Without noticing, you may experience double-hop problem with your SQL Server and you may be clueless on it. With this, all you see is, some requests made to SQL Server is not getting satisfied and getting permission related to errors. Let's try to understand what is double-hop and how it can be sorted out with SQL Server.
See the below diagram;
The diagram shows that how user connects with the database using the application. He sends a request via the application and application server satisfies his request using the database hosted in the same machine. In this case, application needs to use user's credentials for connecting with SQL Server hosted is Server 01 and it impersonates the user's account for that. It is the first hop and it works fine.
Now the second hop. SQL Server 01 needs some info in SQL Server 02, hence it forwards to the request with user's credentials but, by default, environment does not allow it. SQL Server 01 has no way of forwarding user's credentials to Server 02 and you will get an error.
How to sort this out?
This requires Delegation to be enabled. Delegation allows Server 01 to forward user's credentials to Server 02 and then Server 02 can execute the code as a distributed query.
You need following to be enabled/configured for Delegation.

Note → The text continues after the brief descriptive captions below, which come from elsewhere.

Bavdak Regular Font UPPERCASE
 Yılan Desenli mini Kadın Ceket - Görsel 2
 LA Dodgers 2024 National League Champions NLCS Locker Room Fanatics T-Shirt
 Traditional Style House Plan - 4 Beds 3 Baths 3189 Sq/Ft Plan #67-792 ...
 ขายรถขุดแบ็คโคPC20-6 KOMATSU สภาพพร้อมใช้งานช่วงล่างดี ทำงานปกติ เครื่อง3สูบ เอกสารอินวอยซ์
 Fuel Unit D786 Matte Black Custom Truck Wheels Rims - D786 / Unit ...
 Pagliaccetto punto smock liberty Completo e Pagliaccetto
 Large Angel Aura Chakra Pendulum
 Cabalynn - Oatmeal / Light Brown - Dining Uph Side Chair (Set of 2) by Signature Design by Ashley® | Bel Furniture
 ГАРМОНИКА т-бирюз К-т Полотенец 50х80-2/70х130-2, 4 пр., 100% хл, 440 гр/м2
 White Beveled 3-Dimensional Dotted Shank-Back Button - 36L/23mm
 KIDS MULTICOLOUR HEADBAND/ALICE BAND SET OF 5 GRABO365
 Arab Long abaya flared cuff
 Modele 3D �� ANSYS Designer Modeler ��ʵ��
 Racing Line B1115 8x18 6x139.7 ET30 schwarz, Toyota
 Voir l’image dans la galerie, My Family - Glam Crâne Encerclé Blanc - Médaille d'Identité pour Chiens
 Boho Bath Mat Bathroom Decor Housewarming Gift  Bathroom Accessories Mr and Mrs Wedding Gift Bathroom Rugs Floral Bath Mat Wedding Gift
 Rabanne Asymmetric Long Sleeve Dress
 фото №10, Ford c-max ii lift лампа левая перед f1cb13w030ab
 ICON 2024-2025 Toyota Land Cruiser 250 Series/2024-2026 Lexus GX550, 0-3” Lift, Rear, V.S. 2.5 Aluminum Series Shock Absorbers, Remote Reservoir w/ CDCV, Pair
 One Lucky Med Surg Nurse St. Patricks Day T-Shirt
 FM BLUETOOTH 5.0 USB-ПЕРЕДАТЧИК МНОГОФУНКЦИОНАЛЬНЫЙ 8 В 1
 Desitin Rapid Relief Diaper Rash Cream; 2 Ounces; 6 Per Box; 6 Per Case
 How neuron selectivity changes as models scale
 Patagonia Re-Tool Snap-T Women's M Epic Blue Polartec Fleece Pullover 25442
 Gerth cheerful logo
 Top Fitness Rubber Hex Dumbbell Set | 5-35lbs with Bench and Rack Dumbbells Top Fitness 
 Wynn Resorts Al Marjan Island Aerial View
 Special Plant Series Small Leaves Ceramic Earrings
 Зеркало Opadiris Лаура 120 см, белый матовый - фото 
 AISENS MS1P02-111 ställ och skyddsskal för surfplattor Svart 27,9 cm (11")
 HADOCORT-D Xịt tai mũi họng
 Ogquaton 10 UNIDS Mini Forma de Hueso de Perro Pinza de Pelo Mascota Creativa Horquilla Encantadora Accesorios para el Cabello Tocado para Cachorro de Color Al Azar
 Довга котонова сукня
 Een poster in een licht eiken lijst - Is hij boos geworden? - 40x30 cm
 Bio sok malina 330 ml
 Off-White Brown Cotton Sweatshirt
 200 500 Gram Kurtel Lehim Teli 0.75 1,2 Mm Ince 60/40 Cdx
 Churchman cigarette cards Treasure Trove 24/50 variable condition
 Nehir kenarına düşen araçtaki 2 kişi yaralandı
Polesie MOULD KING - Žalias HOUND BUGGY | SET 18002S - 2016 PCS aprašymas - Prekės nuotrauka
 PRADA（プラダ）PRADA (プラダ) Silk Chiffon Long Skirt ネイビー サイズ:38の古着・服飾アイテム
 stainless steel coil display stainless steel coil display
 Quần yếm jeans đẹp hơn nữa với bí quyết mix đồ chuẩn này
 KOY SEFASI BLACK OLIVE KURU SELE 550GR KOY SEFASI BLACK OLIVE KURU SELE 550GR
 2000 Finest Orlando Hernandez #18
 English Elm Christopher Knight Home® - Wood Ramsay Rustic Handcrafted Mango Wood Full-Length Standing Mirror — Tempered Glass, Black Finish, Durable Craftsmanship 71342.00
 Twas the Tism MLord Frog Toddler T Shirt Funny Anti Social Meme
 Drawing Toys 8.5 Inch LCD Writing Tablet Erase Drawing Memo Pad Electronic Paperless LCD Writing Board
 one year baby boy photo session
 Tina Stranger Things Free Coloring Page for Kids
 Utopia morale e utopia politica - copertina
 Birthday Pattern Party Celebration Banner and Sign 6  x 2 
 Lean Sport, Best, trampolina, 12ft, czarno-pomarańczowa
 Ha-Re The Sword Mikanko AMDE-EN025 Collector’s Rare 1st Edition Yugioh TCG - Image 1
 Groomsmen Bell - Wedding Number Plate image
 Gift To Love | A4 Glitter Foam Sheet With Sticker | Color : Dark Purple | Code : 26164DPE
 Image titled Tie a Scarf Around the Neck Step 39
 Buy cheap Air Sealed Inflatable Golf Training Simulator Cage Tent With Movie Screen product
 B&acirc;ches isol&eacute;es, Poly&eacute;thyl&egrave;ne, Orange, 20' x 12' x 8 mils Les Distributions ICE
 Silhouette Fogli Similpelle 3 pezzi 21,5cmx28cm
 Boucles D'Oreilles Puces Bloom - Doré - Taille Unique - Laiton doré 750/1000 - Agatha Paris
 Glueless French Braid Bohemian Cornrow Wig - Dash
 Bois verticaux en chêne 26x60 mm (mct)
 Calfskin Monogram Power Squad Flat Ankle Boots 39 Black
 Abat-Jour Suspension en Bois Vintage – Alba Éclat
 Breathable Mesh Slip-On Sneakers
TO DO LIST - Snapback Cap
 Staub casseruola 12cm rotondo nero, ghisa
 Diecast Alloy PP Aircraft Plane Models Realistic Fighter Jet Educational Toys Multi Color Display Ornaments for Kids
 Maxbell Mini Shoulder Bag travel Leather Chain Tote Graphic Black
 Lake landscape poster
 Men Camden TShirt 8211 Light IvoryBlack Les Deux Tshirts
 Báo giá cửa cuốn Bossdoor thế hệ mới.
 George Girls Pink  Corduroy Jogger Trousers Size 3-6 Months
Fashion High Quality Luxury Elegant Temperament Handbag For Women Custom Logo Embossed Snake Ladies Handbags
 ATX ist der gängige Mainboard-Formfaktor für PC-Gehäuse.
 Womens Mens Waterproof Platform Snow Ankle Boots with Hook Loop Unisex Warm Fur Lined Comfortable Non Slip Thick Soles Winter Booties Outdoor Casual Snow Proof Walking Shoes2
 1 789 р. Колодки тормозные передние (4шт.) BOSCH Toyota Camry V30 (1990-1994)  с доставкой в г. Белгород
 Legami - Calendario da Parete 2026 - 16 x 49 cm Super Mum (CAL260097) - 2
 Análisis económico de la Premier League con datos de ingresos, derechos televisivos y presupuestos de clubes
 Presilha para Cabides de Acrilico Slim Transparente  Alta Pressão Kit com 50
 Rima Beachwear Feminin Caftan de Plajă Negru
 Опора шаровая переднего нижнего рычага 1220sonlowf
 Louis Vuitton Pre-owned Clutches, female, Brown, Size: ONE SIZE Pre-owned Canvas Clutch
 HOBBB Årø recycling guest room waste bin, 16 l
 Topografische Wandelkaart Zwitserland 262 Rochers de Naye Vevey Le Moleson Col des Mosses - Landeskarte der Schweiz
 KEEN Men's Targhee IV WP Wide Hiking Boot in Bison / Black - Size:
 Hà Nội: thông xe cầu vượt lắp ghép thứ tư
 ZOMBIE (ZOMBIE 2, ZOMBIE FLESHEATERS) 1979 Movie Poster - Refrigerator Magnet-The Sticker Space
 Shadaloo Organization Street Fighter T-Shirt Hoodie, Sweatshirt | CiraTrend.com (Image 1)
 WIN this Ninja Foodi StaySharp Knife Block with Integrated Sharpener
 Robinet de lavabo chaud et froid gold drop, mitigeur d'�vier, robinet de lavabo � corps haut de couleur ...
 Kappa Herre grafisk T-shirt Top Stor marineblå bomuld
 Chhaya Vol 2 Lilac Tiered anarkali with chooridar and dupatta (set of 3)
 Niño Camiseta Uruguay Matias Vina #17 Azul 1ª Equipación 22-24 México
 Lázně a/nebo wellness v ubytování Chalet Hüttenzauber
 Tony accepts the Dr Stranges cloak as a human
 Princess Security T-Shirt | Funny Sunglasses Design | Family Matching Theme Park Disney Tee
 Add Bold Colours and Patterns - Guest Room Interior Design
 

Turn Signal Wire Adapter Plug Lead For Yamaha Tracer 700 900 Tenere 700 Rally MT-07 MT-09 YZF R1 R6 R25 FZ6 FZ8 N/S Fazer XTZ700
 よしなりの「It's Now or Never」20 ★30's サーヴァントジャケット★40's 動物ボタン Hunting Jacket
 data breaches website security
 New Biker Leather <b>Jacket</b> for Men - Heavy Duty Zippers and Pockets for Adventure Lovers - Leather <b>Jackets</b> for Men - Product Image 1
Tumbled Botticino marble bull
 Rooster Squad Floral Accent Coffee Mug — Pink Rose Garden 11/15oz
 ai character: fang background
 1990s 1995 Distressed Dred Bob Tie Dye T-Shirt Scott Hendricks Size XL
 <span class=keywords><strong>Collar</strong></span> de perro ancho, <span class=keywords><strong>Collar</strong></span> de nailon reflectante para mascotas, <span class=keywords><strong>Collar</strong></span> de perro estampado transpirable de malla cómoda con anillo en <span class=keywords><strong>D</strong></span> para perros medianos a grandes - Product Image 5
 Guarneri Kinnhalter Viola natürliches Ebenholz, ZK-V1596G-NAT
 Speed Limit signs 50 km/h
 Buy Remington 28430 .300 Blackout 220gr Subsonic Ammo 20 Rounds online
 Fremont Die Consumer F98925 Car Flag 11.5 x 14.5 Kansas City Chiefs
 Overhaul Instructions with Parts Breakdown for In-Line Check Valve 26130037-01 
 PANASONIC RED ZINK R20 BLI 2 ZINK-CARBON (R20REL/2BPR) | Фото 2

- User must have permission on both Server 01 and Server 02.
- Either TCP/IP or Named Pipes must be the protocol for accessing SQL Server.
- The Active Directory property called Account is sensitive and cannot be delegated must not be checked for the user's account.
- Both Server 01 and Server 02 require registered Service Principal Number (SPN).
- SQL Server services accounts must be trusted for Delegation.
- SQL Server 02 must be configured as a Linked Server in Server 01.